Cellular interactions in resident memory T cell establishment and function

Abstract

Tissue resident memory T cells (T_RM) are enriched in non-lymphoid tissues and represent a formidable barrier against invading pathogens and tumors. T_RM are armed with deployment ready effector molecules which combined with their frontline location allows them to be early organizing centers of our immune defense. Despite their autonomous nature, T_RM rely on careful collaboration with other immune and non-immune cells located within the barrier organ to exert their superior protective role. Here, we highlight recent studies focusing on cellular interactions that regulate T_RM establishment and function. A deeper understanding of these processes is instrumental in designing new means to target T_RM for desirable outcomes in infectious diseases, cancers and autoimmunity.

Introduction

The realization that a large fraction of memory T cells in our body are stably contained within non-lymphoid tissues (NLTs) and are not routinely circulating, has brought a remarkable shift in our understanding of immunological memory. Resident memory T cells (T_RM) are now considered the numerically dominant memory T cells in most peripheral organs [1,2]. The numerical abundance of T_RM in barrier tissue is coupled with their rapidity of effector functions upon reencounter with antigen.

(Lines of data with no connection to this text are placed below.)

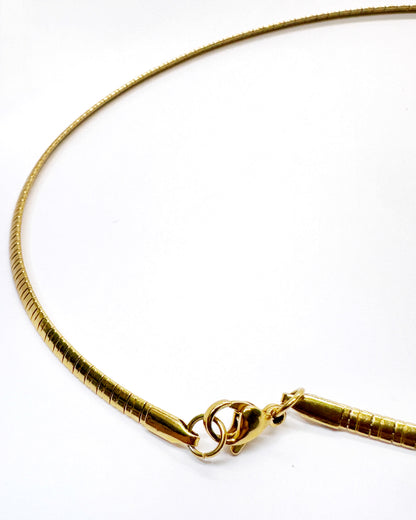 Minimalist gold snake chain necklace detail highlighting flexibility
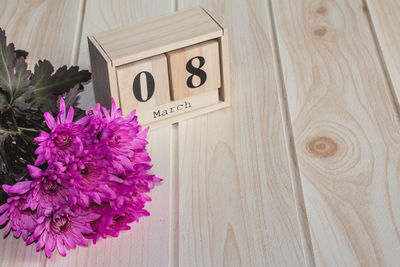 Wooden march 8 calendar, next to purple flowers on wooden table. selective focus. happy womans day.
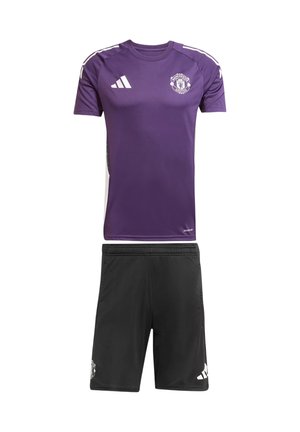 Joven con camiseta de fútbol morada del Manchester United con paneles laterales blancos y negros, de pie con las manos en las caderas.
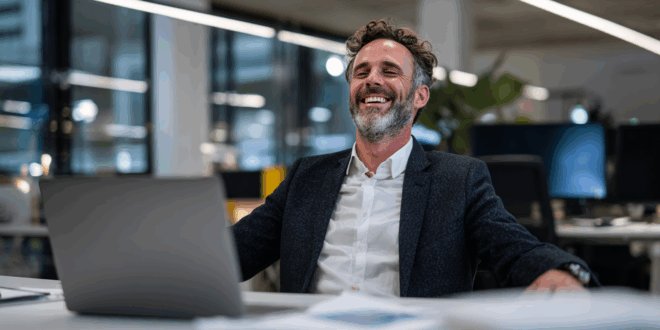 un homme content dans son bureau devant son laptop performant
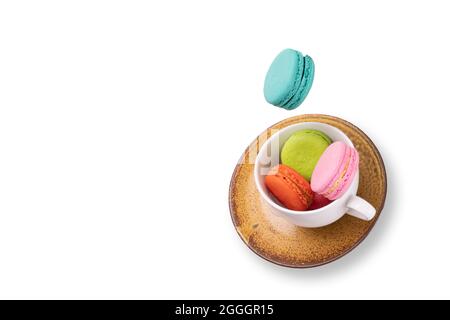 Macarons colorés flottant sur une tasse de thé blanc et une assiette en céramique orange. Isolation sur fond blanc. Concept de lévitation alimentaire. Banque D'Images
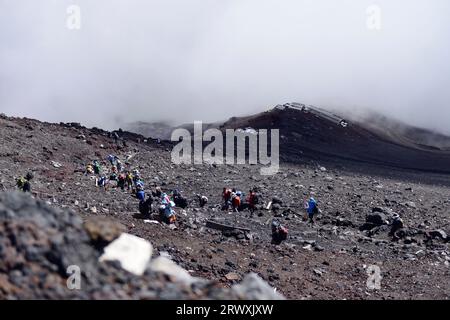 Climbers and mountain lodge from the summit of Mt. Fuji Stock Photo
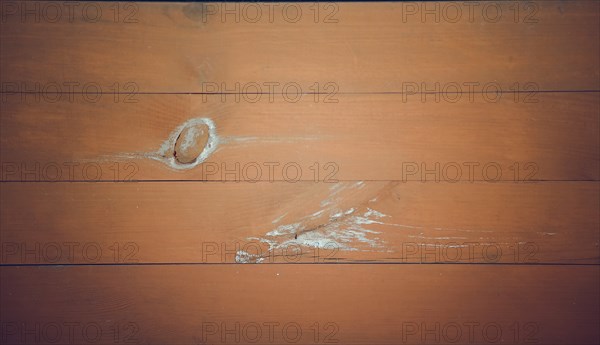 A close-up of orange-brown wooden planks with a noticeable knot and scratches, showcasing a rustic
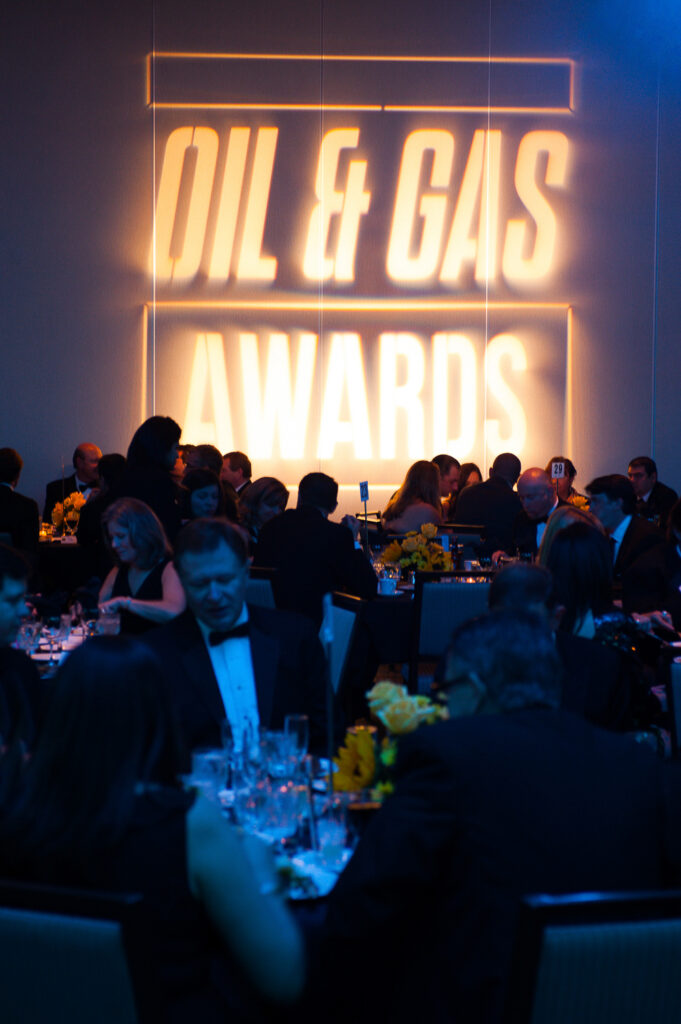 Guests seated at round tables during the Oil & Gas Awards, with large projected event branding on the wall behind them.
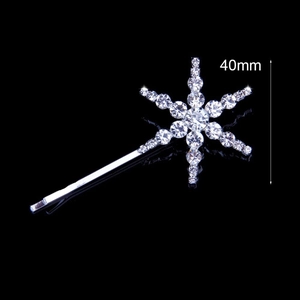 Close-up of sparkling rhinestone snowflake hair clip showing 40mm size detail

In a study that sampled herpes simplex virus-2 (HSV-2) reactivation every 6hr, it was shown that the presence of local T_RM rapidly limited viral replication within 24hrs of initial viral recrudescence [3]. While T_RM’s protective role was initially described in the setting of viral infections, recent studies have broadened their antipathogenic capabilities to cover numerous bacterial and fungal diseases as well as cancers. Spatially, an individual resident cell patrols a limited territory, but considering all T_RM together, they comprise a highly effective network that can be rapidly mobilized against an incoming pathogen [4,5]. As such, density of T_RM is directly linked to their protective ability. Our understanding of T_RM’s functional capabilities is undergoing tremendous expansion. It was recently demonstrated that CD8 T_RM are a key player in establishing cancer-immune equilibrium through their expression of effector molecule TNF in a mouse model of melanoma [6]. This is suggestive of a highly effective and durable immunosurveillance activity that may span decades.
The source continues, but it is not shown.